• _WHAT THE EXERCISE ASKS_: Each line from the first entry to the line with "CUCCOO SZL Women's", both included, is to be returned unchanged, with any pictures dropped.

(Saved entries)
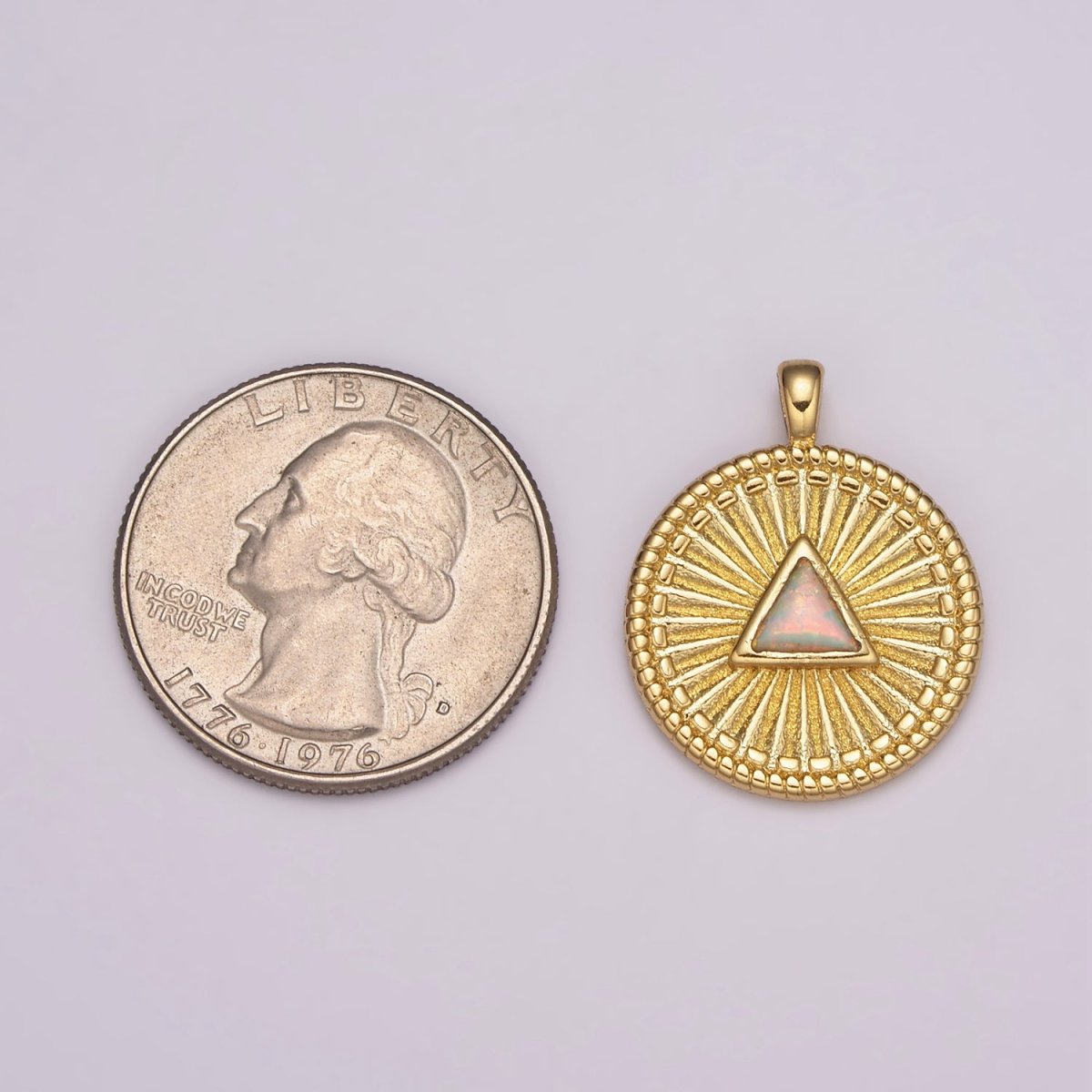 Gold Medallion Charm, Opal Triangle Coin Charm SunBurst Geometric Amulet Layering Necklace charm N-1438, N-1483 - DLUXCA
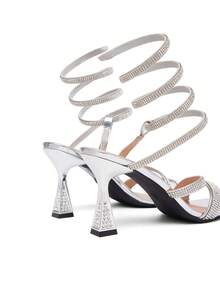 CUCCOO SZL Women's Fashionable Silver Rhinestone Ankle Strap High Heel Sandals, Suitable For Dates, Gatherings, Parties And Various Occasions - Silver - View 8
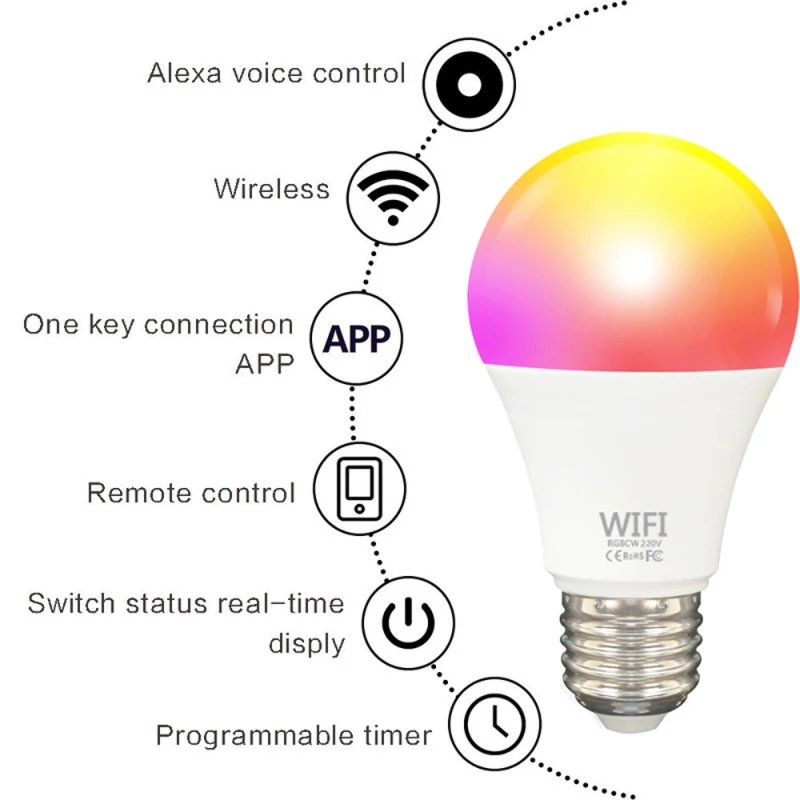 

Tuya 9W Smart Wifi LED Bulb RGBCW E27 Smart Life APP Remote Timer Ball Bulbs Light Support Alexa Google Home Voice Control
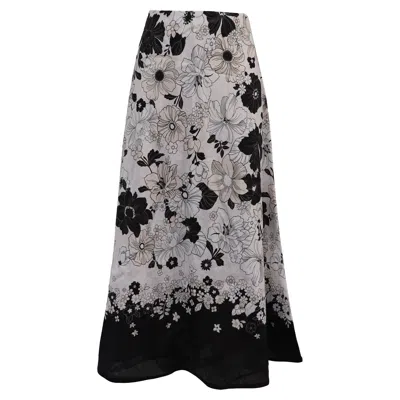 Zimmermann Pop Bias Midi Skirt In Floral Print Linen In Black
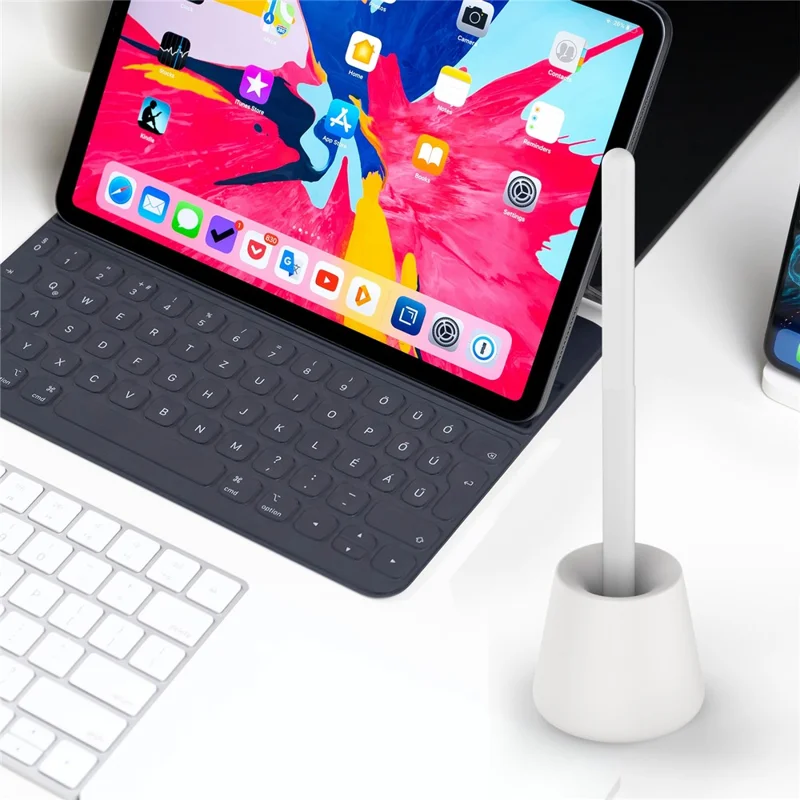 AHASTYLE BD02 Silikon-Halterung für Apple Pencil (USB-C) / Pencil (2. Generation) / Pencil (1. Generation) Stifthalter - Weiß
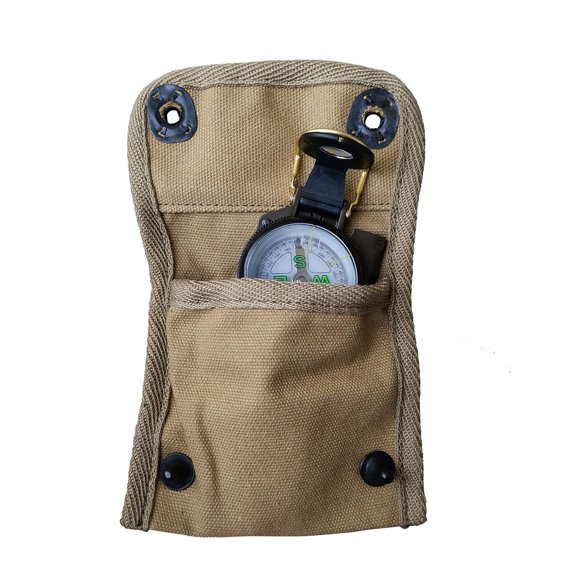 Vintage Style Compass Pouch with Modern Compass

• _RESPONSE AREA_:
 Gold Medallion Charm, Opal Triangle Coin Charm SunBurst Geometric Amulet Layering Necklace charm N-1438, N-1483 - DLUXCA
 CUCCOO SZL Women's Fashionable Silver Rhinestone Ankle Strap High Heel Sandals, Suitable For Dates, Gatherings, Parties And Various Occasions - Silver - View 8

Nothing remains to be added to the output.